From the code, it looks like the scaling is based on the total partition count instead of scaling based on the total events count. I think we should add a property like limitToPartitionsWithLag in Kafka scaler to distinguish between these two scaling methods.
https://github.com/kedacore/keda/blob/a18596513f7328374c17cdd0e481b7b7c59ca779/pkg/scalers/azure_eventhub_scaler.go#L340C1-L346C2
@JorTurFer Do you know why the Azure Event Hub is designed like this and does not consider scaling based on the total event count?
Let me check if I have understood the issue (I'm not expert in EventHub), KEDA is checking all the partitions, doesn't matter if they are used or not. For any reason, the publisher can publish to only some of the partitions and not to all of them, right? I thought that event hub spreads the messages across partitions automatically, but if it can place messages only in some partitions and not in all, I think that this extra parameter can make sense
This issue has been automatically marked as stale because it has not had recent activity. It will be closed in 7 days if no further activity occurs. Thank you for your contributions.

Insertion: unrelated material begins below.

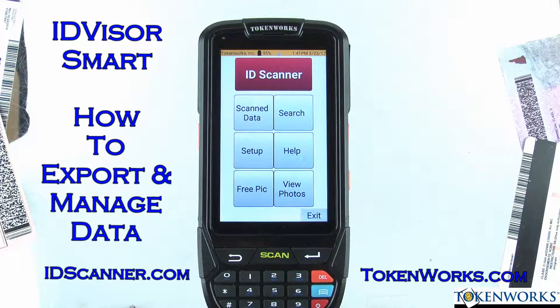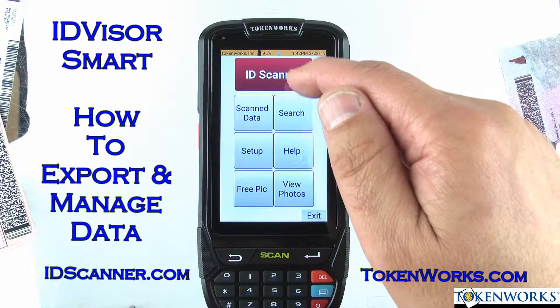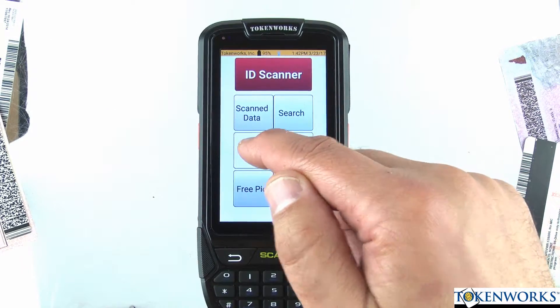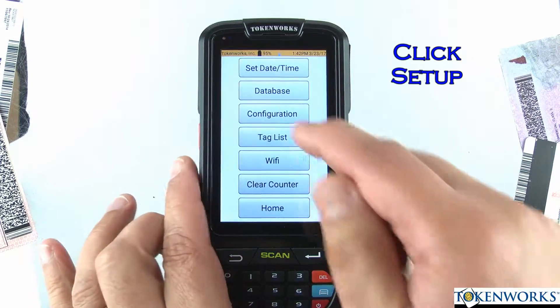Hi, today we're going to talk about exporting the data. To export the data, you go to Setup and then click on Database.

@JorTurFer Do you know why the Azure Event Hub is designed like this and does not consider scaling based on the total event count?
IDK, but you're right and we can enable something like in kafka, take into account only active partitions
This issue has been automatically marked as stale because it has not had recent activity. It will be closed in 7 days if no further activity occurs. Thank you for your contributions.
This issue has been automatically closed due to inactivity.